Bruce scrutait l’allée dont le sillon bétonné traversait en parts égales la pelouse fraichement tondue, et qui menait au porche où son père garait les voitures. La nuit était chaude pour un mois d’avril, une soirée idéale pour échapper au carcan familial mais aussi mettre son plan à exécution. Cette Patty était décidément bien attirante, conventionnelle et d’une intelligence moyenne certes, mais tellement jolie, et cette soirée de printemps inspirait au jeune homme de 15 ans des pensées audacieuses.
L’Oldsmobile rouge apparut enfin, avec George au volant, son amie Lisa à ses côtés. De Patty, d’où il était, il ne pouvait que distinguer le haut du chignon bouffant qui la grandissait d’une bonne vingtaine de centimètres. Bruce salua la compagnie et s’installa à distance respectueuse de Patty, assise bien droite sur la banquette arrière, les mains sur les genoux, nimbée d’une odeur de laque aux relents chimiques. Il regretta un bref instant son col roulé et son large chino indiquant, à ses yeux, une filiation avec la génération beat, en découvrant le soin qu’elle avait apporté à sa tenue : outre le bouffant, une robe évasée à pois noirs, ceinture assortie, laissant voir un début d’épaule prometteur.
La voiture fit demi-tour et s’engagea en direction du ciné-parc qui se trouvait à la limite de Cedar Falls, Iowa, là où les lotissements de maisons en demi-niveau cèdent à la place aux champs de maïs. Il s’y donnait un film à la réputation sulfureuse, « La rue chaude », avec Laurence Harvey, Jane Fonda et Capucine. George amena la conversation sur de futures sorties auxquelles ils pourraient se rendre grâce à la voiture paternelle.
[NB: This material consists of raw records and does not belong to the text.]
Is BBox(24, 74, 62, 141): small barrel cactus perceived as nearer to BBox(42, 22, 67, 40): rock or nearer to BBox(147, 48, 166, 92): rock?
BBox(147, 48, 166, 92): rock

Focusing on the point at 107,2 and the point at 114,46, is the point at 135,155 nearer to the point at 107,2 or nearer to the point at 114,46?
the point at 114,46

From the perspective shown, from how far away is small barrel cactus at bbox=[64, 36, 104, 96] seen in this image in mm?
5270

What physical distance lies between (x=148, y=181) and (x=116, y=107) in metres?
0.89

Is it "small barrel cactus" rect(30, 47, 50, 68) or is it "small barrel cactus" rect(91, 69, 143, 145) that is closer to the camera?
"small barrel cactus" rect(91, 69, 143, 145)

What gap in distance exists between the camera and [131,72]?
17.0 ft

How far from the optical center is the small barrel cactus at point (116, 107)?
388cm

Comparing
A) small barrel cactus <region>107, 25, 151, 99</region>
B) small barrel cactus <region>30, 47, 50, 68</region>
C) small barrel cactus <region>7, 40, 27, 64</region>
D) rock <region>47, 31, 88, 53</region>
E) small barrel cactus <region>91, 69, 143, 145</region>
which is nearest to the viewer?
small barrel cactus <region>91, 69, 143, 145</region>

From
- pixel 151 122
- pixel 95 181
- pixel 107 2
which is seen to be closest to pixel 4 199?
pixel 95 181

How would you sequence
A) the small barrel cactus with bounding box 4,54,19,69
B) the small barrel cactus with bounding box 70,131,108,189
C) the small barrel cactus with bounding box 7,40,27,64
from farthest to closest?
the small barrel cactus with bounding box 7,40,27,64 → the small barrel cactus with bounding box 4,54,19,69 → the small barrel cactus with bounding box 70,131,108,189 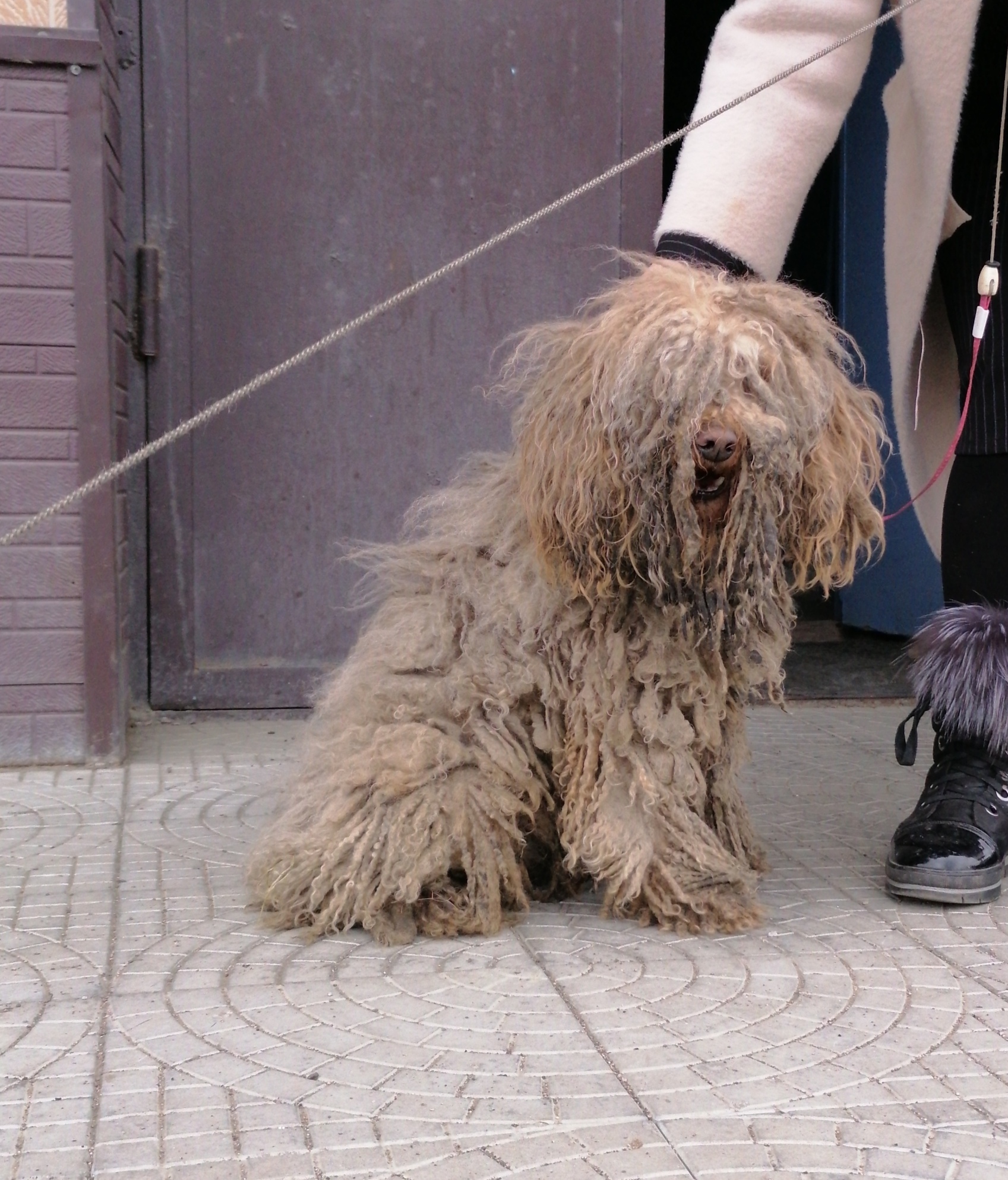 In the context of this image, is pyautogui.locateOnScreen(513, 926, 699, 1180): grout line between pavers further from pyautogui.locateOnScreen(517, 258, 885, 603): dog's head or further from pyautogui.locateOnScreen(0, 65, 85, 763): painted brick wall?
pyautogui.locateOnScreen(0, 65, 85, 763): painted brick wall

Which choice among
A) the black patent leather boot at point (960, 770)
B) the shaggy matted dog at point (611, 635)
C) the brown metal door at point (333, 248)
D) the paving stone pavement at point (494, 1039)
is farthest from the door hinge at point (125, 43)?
the black patent leather boot at point (960, 770)

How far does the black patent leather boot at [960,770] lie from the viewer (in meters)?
2.61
Il ne voulait surtout pas manquer le congrès national de bovins laitiers qui devait se tenir fin septembre dans la ville proche de Waterloo. Bruce souhaitait suivre la saison des Kernels, l’équipe de baseball de Cedar Falls, qui venait de commencer. Les échanges étaient animés, les garçons plaisantaient et les filles riaient, Bruce sentait Patty se détendre. Le moment lui parut propice.
Avec d’infinies précautions et tout en parlant d’un ton désinvolte, il entreprit de glisser subrepticement le bras entre la coiffure de Patty et la banquette arrière. L’idée était de parvenir à poser, à la faveur d’un cahot et comme par inadvertance, le dos de la main sur Patty. Si la belle ne manifestait pas de gêne, il deviendrait alors envisageable de retourner la main et l’appuyer mollement sur la partie couverte de l’épaule dans un geste protecteur, puis, si la voie demeurait libre, d’inciter Patty, par de subtiles pressions des doigts, à se rapprocher de lui. Un vague alanguissement voire une discrète reptation signerait sa victoire.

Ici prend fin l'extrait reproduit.